=== Data excerpts ===
::::::::
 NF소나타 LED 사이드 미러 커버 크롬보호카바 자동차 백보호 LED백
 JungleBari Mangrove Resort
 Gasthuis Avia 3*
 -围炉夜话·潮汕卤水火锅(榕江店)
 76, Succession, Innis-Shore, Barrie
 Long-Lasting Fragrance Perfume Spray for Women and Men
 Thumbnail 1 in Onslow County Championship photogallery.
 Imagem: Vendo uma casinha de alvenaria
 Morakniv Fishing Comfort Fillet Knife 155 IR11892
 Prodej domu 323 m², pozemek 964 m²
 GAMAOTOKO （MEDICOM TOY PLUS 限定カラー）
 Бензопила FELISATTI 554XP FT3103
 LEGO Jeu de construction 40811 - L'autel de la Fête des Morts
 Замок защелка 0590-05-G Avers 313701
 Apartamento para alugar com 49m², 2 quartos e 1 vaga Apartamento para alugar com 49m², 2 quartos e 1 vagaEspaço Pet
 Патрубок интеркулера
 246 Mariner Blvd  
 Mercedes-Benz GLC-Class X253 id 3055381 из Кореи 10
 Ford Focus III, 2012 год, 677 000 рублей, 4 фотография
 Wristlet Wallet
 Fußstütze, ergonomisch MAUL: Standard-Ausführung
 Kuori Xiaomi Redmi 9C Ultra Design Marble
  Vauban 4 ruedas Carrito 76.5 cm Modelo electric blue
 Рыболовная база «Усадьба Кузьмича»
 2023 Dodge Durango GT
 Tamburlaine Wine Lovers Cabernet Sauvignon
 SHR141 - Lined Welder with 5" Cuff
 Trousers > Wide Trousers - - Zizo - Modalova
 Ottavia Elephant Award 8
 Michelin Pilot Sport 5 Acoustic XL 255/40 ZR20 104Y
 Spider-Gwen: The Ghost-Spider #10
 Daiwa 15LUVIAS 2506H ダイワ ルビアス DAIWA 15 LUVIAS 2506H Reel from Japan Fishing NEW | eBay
::::::::
Retype the records above, but only those lines that fall between the line containing "Бензопила FELISATTI 554XP FT3103" and the line containing "Ottavia Elephant Award 8", with both of those lines included, exactly as written.

=== Task answer ===
 Бензопила FELISATTI 554XP FT3103
 LEGO Jeu de construction 40811 - L'autel de la Fête des Morts
 Замок защелка 0590-05-G Avers 313701
 Apartamento para alugar com 49m², 2 quartos e 1 vaga Apartamento para alugar com 49m², 2 quartos e 1 vagaEspaço Pet
 Патрубок интеркулера
 246 Mariner Blvd  
 Mercedes-Benz GLC-Class X253 id 3055381 из Кореи 10
 Ford Focus III, 2012 год, 677 000 рублей, 4 фотография
 Wristlet Wallet
 Fußstütze, ergonomisch MAUL: Standard-Ausführung
 Kuori Xiaomi Redmi 9C Ultra Design Marble
  Vauban 4 ruedas Carrito 76.5 cm Modelo electric blue
 Рыболовная база «Усадьба Кузьмича»
 2023 Dodge Durango GT
 Tamburlaine Wine Lovers Cabernet Sauvignon
 SHR141 - Lined Welder with 5" Cuff
 Trousers > Wide Trousers - - Zizo - Modalova
 Ottavia Elephant Award 8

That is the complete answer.